WORK INSTRUCTIONS -
Any image in the records is to be skipped; everything else should be reproduced exactly.
----
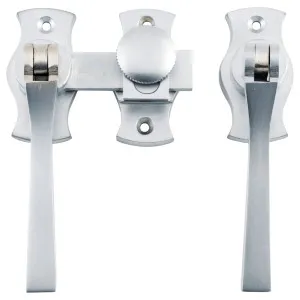 Square French Door Fastener, Satin Chrome by Tradco, a Door Hardware for sale on Style Sourcebook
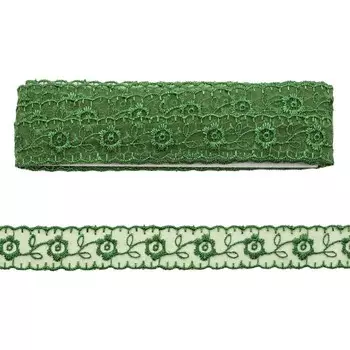 Кружево капрон 2,2 см/6,8 м (+/- 4 см) 0574-1003, A627 зелёный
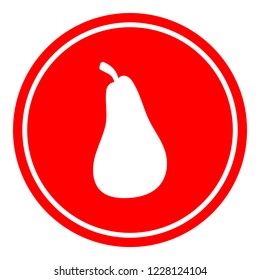 Pear icon vector illustration on red background. Eps10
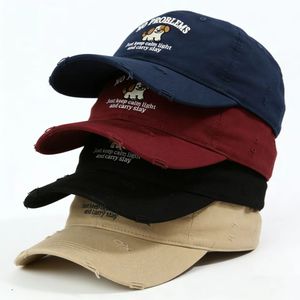 Cute Puppy Embroidery Distressed Baseball Cap Washed Cotton Adjustable Sun <b>Hat</b> <b>for</b> Casual Outdoor Sports - Product Image 6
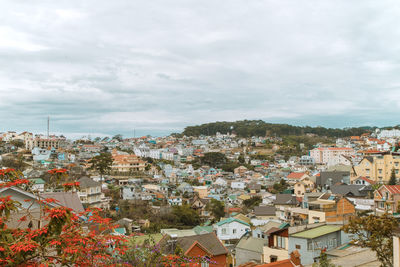 High angle view of townscape against sky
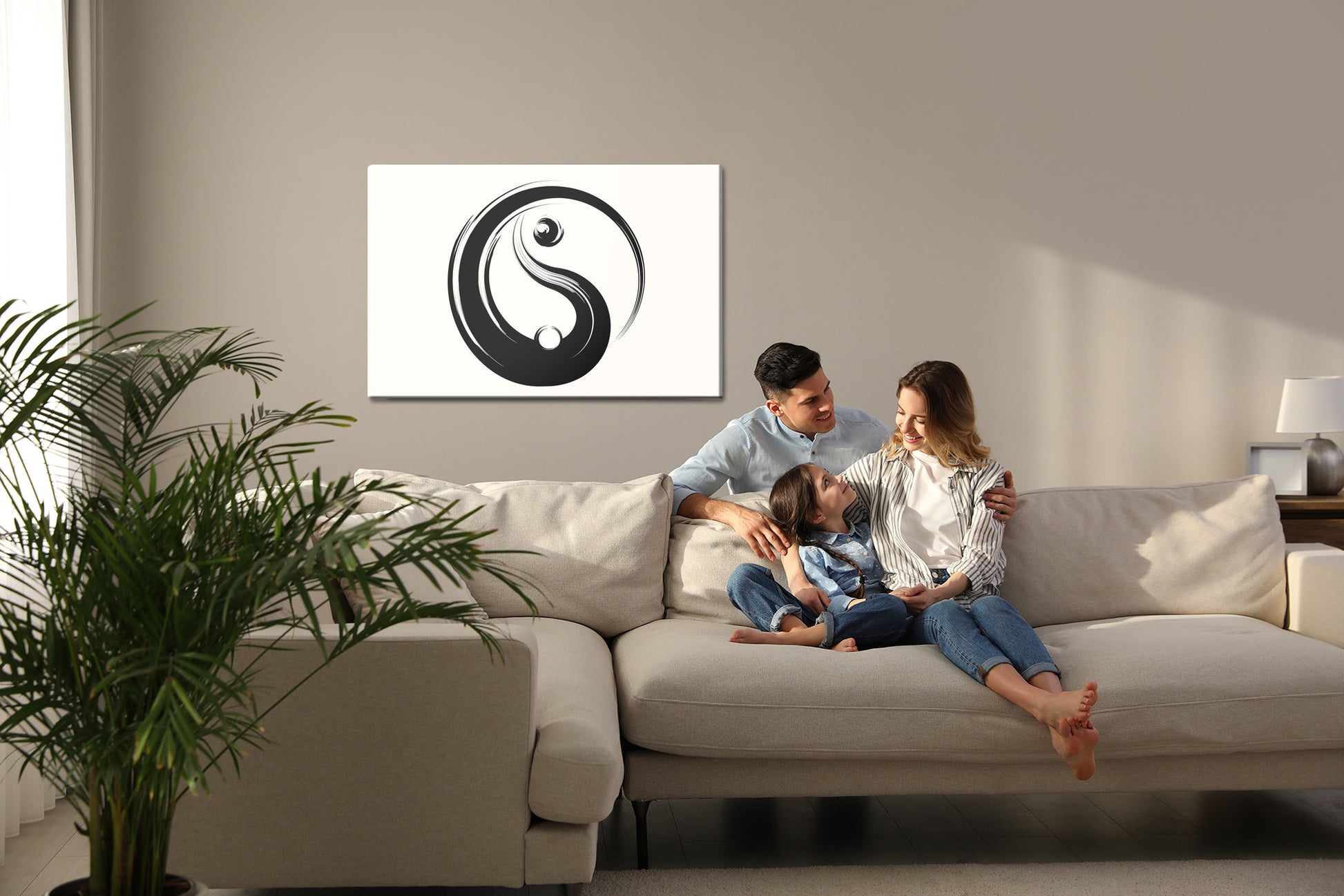 Obraz Na Płótnie Symbol Yin Yang – harmonijna abstrakcja do wnętrz nowoczesnych, zen i minimalistycznych – widok 6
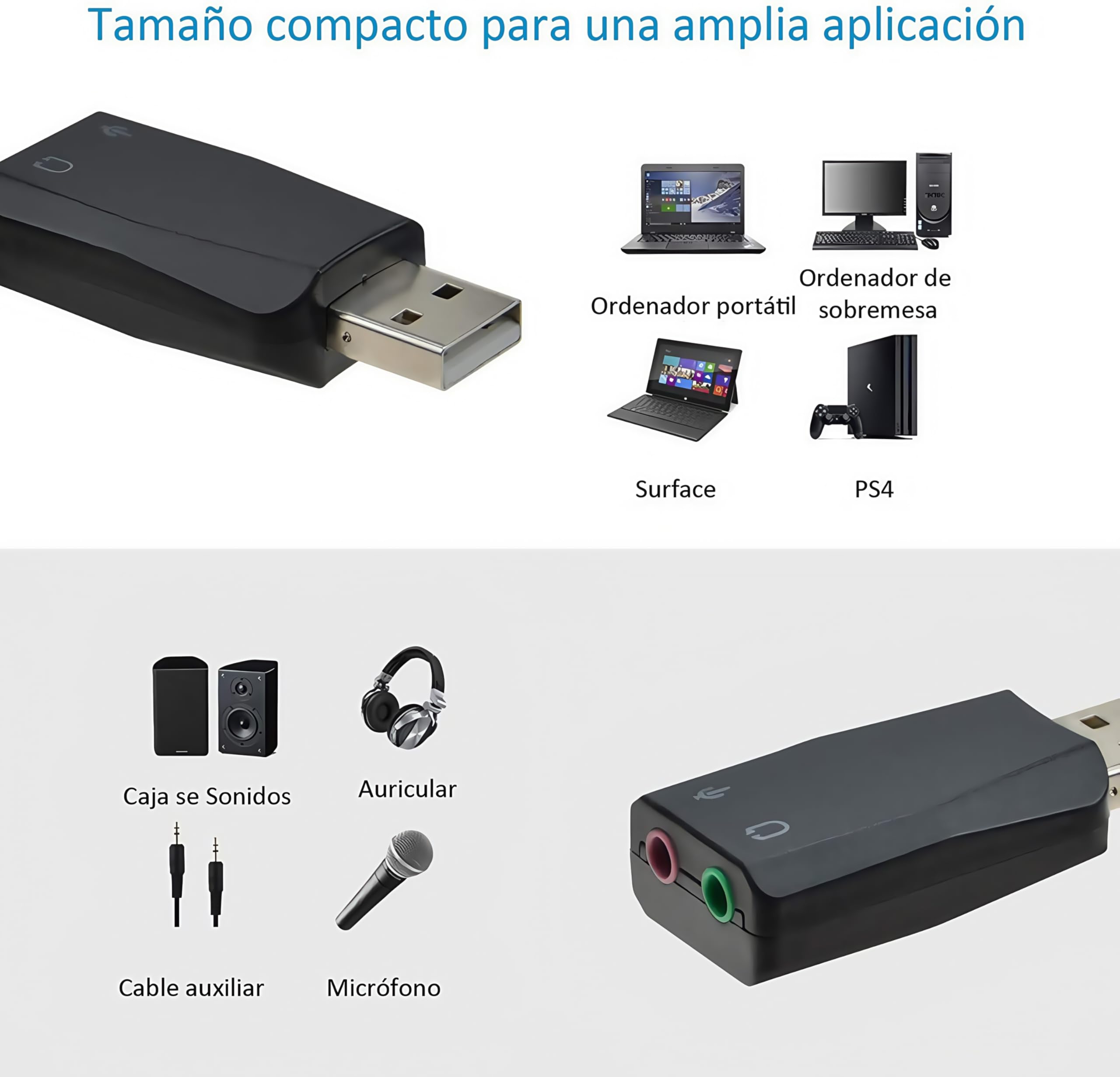 Adaptador de Audio estéreo 3D USB Externo con Altavoz de 3,5 mm, Auriculares, micrófono, Tarjeta de Sonido USB, instalación sin Controlador para Win Mac OS Linux PS4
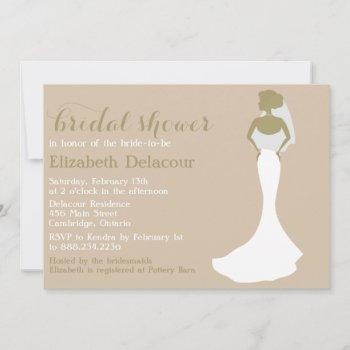 mermaid wedding gown old bridal shower invitation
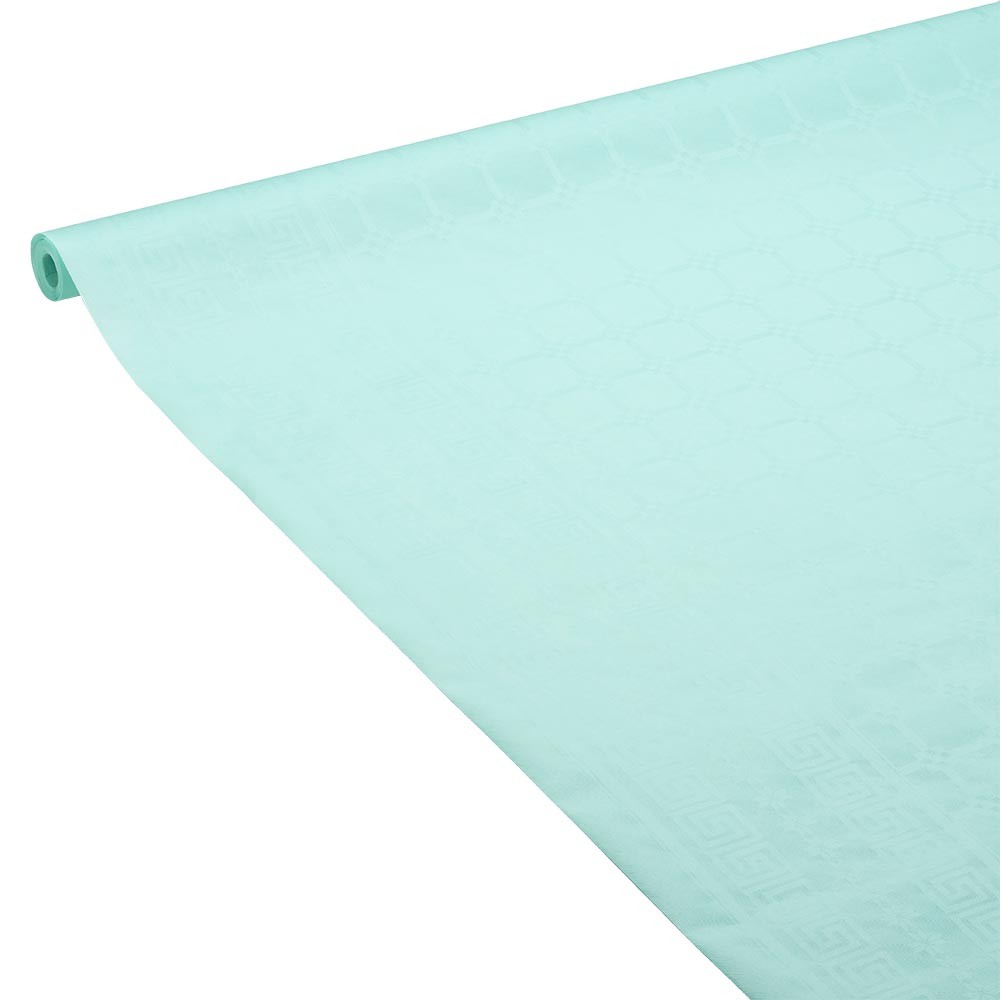nappe damassée bleu turquoise  serviette et nappe jetable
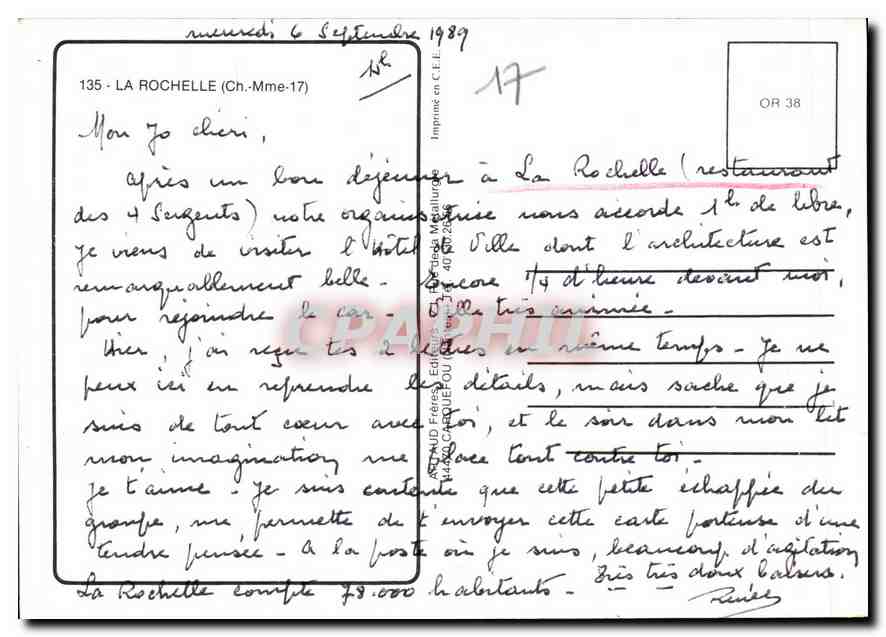 CPM La Rochelle Ch Mme  — Verso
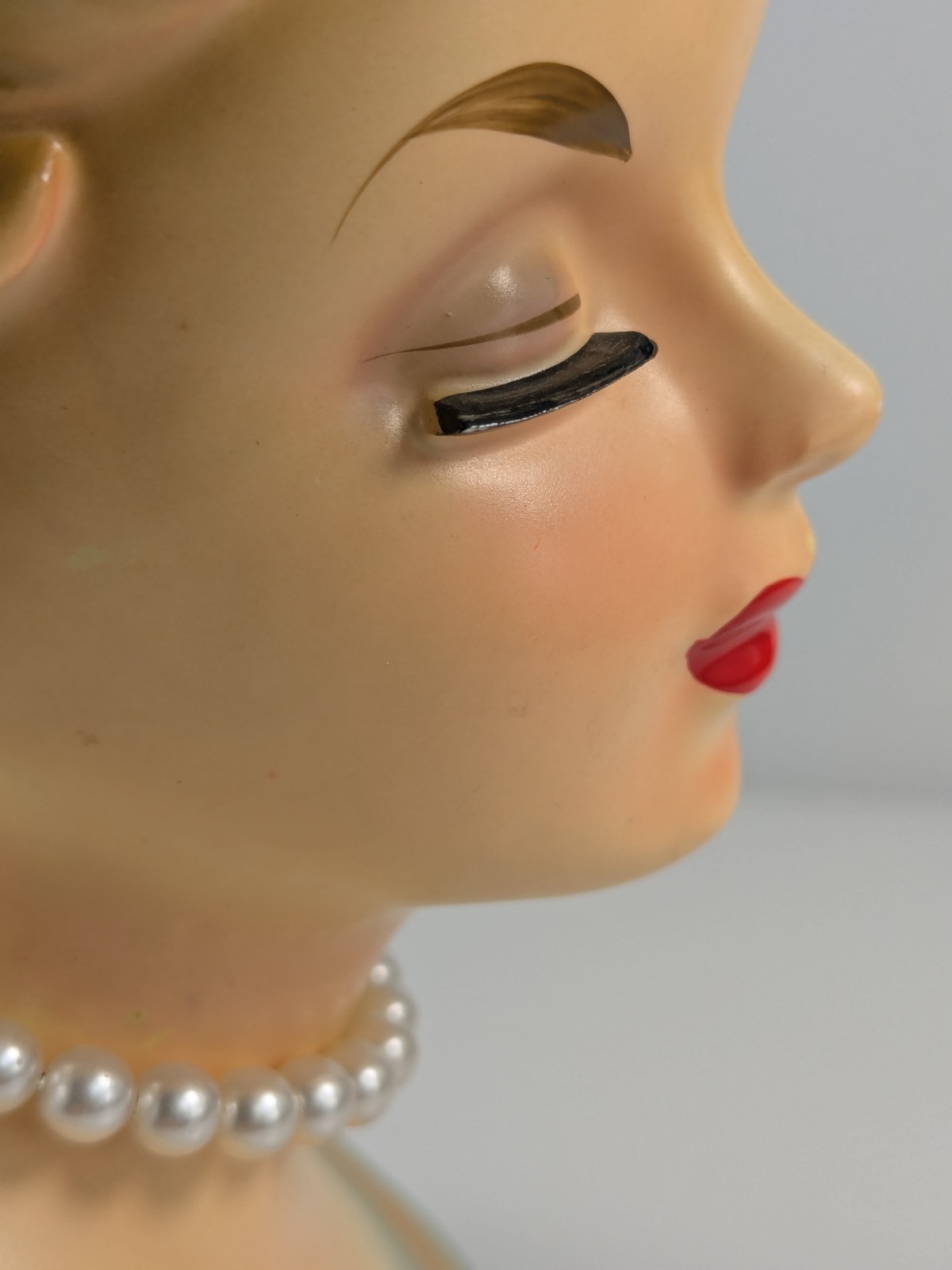 Vintage Lady Head Vase Glossy Cold Pink Cheek Blue Dress & Hair Original Jewelry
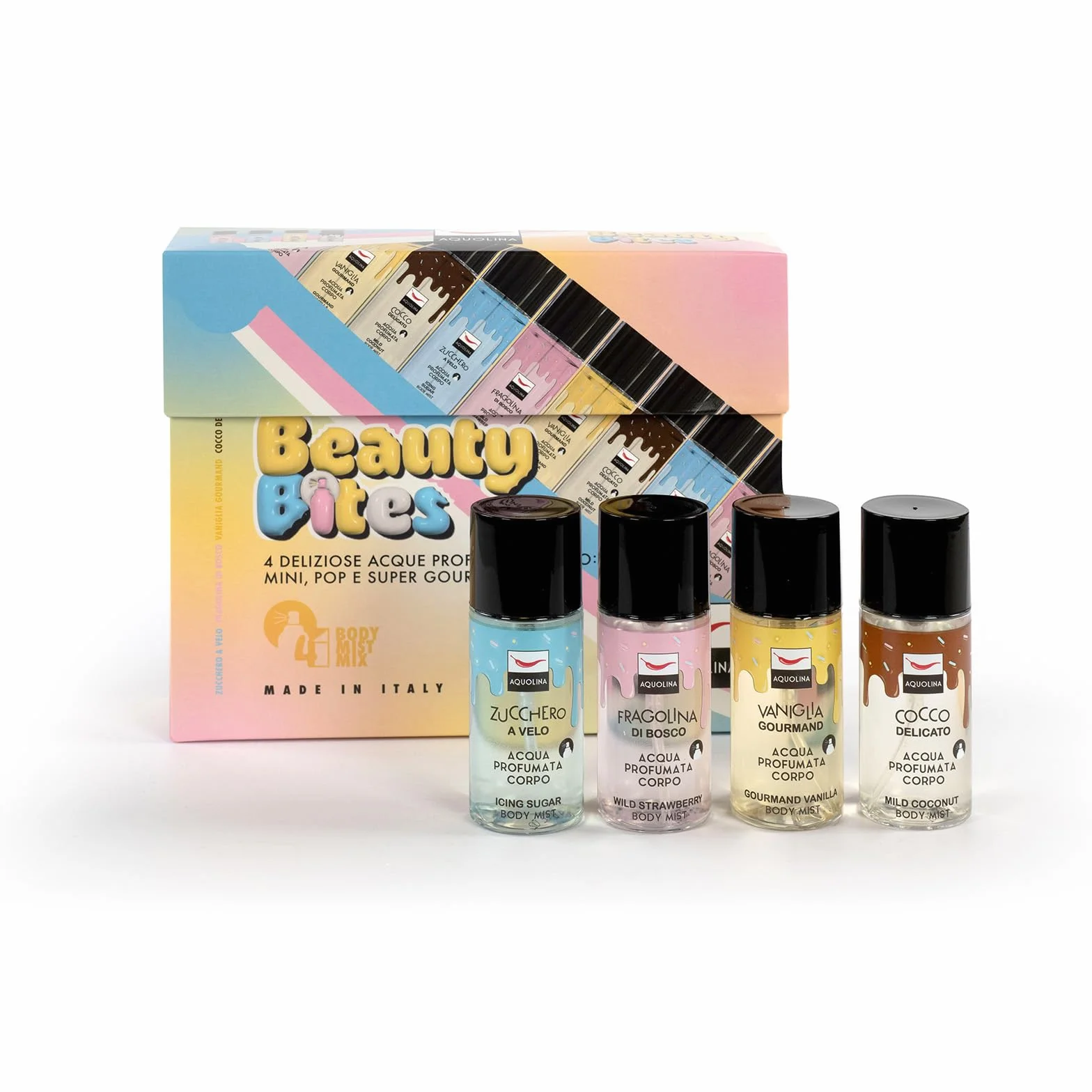 AQUOLINA BEAUTY BITES - Acqua profumata corpo Zucchero a Velo, Fragolina di Bosco, Vaniglia Gourmand, Cocco Delicato. Formato 50 ml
----
EXPECTED ANSWER -
 Square French Door Fastener, Satin Chrome by Tradco, a Door Hardware for sale on Style Sourcebook
 Кружево капрон 2,2 см/6,8 м (+/- 4 см) 0574-1003, A627 зелёный
 Pear icon vector illustration on red background. Eps10
 Cute Puppy Embroidery Distressed Baseball Cap Washed Cotton Adjustable Sun <b>Hat</b> <b>for</b> Casual Outdoor Sports - Product Image 6
 High angle view of townscape against sky
 Obraz Na Płótnie Symbol Yin Yang – harmonijna abstrakcja do wnętrz nowoczesnych, zen i minimalistycznych – widok 6
 Adaptador de Audio estéreo 3D USB Externo con Altavoz de 3,5 mm, Auriculares, micrófono, Tarjeta de Sonido USB, instalación sin Controlador para Win Mac OS Linux PS4
 mermaid wedding gown old bridal shower invitation
nappe damassée bleu turquoise  serviette et nappe jetable
 CPM La Rochelle Ch Mme  — Verso
 Vintage Lady Head Vase Glossy Cold Pink Cheek Blue Dress & Hair Original Jewelry
 AQUOLINA BEAUTY BITES - Acqua profumata corpo Zucchero a Velo, Fragolina di Bosco, Vaniglia Gourmand, Cocco Delicato. Formato 50 ml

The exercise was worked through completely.